What to produce: The lines below, from the first through the one containing "COSRX Advanced Snail", are to be given again exactly, with pictures left out and nothing added.

Dataset excerpts:
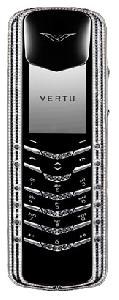 Сотовый Телефон Vertu Signature M Design Black and White Diamonds Фото
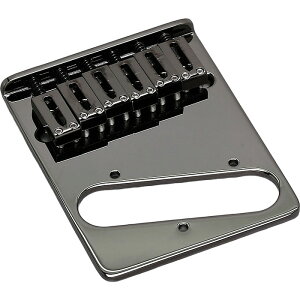 Gotoh GTC201-CK Telecaster Bridge ゴトー テレキャスターブリッジ ブラスサドル コスモブラック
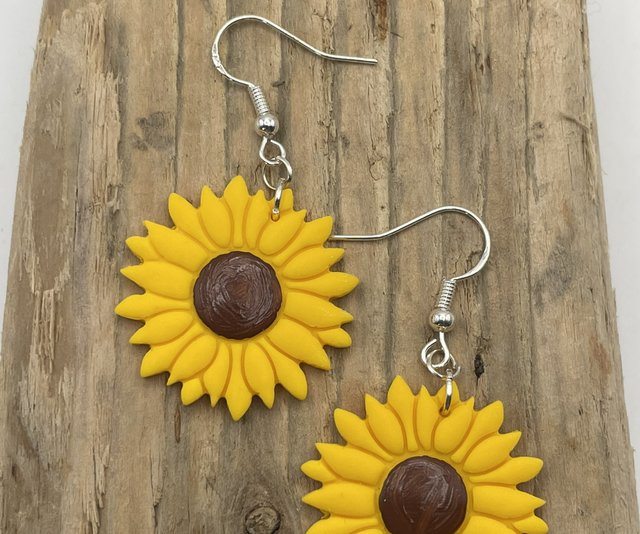 Giant sunflowers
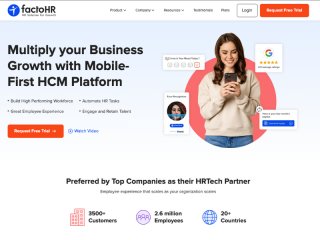 FactoHR - HR Solution for Growth
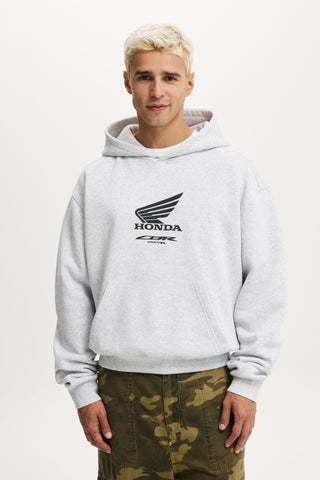Cropped Fit Honda Jt Racing Hoodie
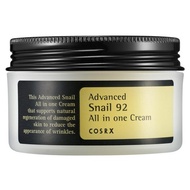 COSRX Advanced Snail 92 All-in-One Cream 100ml – 92% Snail Mucin | Deep Hydration & Skin Repair Mois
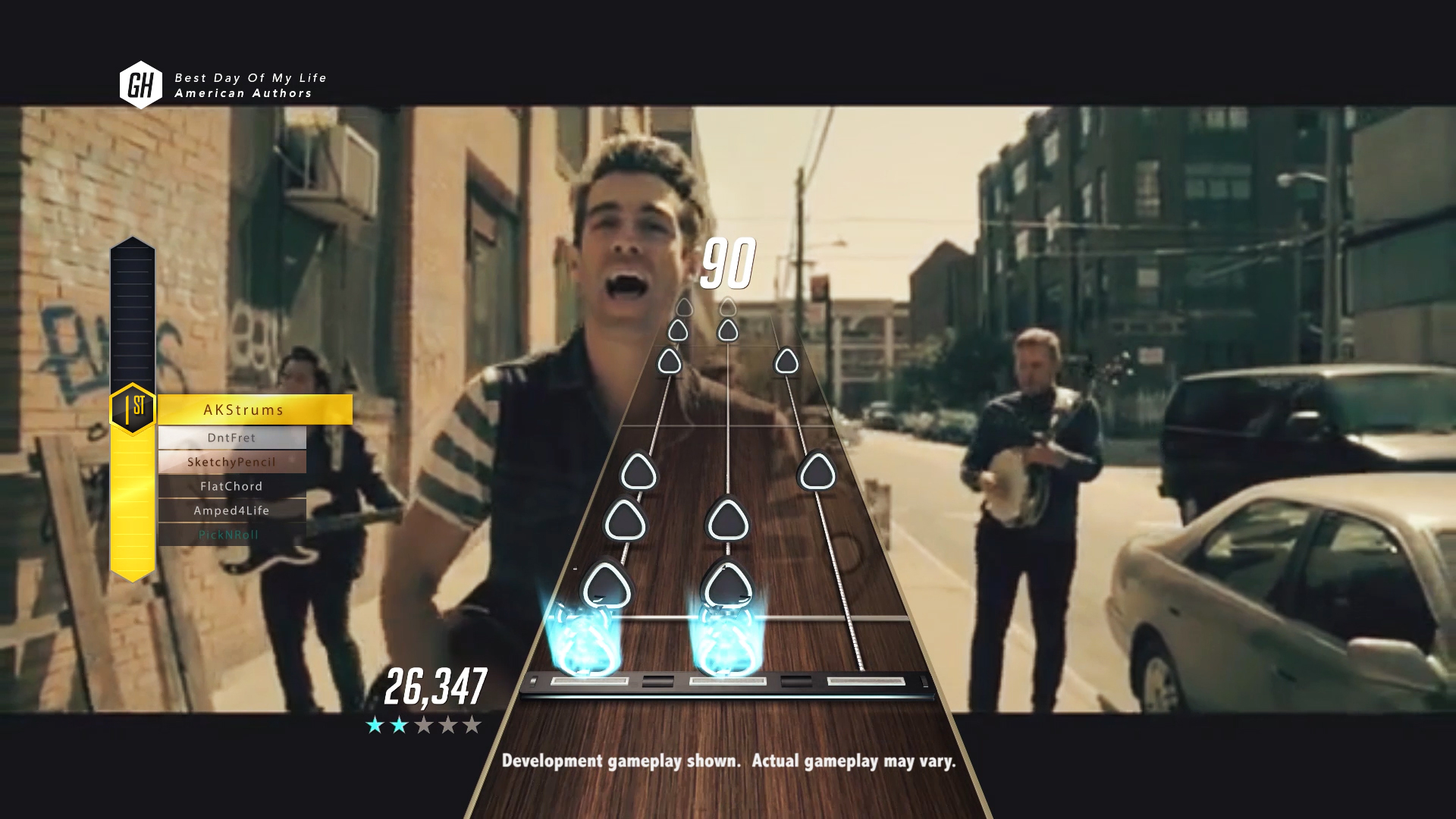  Guitar Hero Live will r & # XF3; barreled # x17C; on the device & # x105; devices with iOS and Android - picture 1 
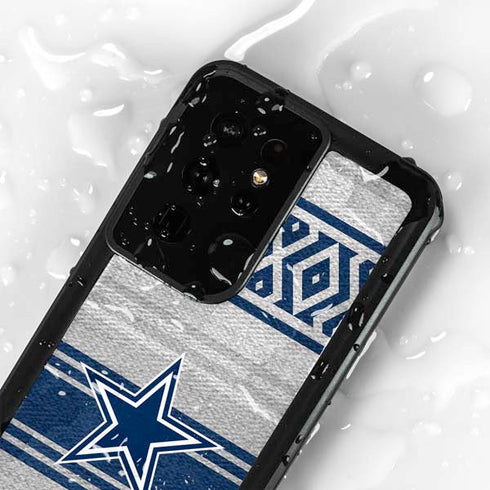 NFL Dallas Cowboys Trailblazer Galaxy S24 Ultra Waterproof Case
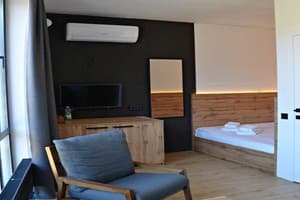 Отель Baza Smart Hotel. Делюкс двухместный  201 / 301 / 401 1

Answer for the task:
 Сотовый Телефон Vertu Signature M Design Black and White Diamonds Фото
 Gotoh GTC201-CK Telecaster Bridge ゴトー テレキャスターブリッジ ブラスサドル コスモブラック
 Giant sunflowers
 FactoHR - HR Solution for Growth
Cropped Fit Honda Jt Racing Hoodie
 COSRX Advanced Snail 92 All-in-One Cream 100ml – 92% Snail Mucin | Deep Hydration & Skin Repair Mois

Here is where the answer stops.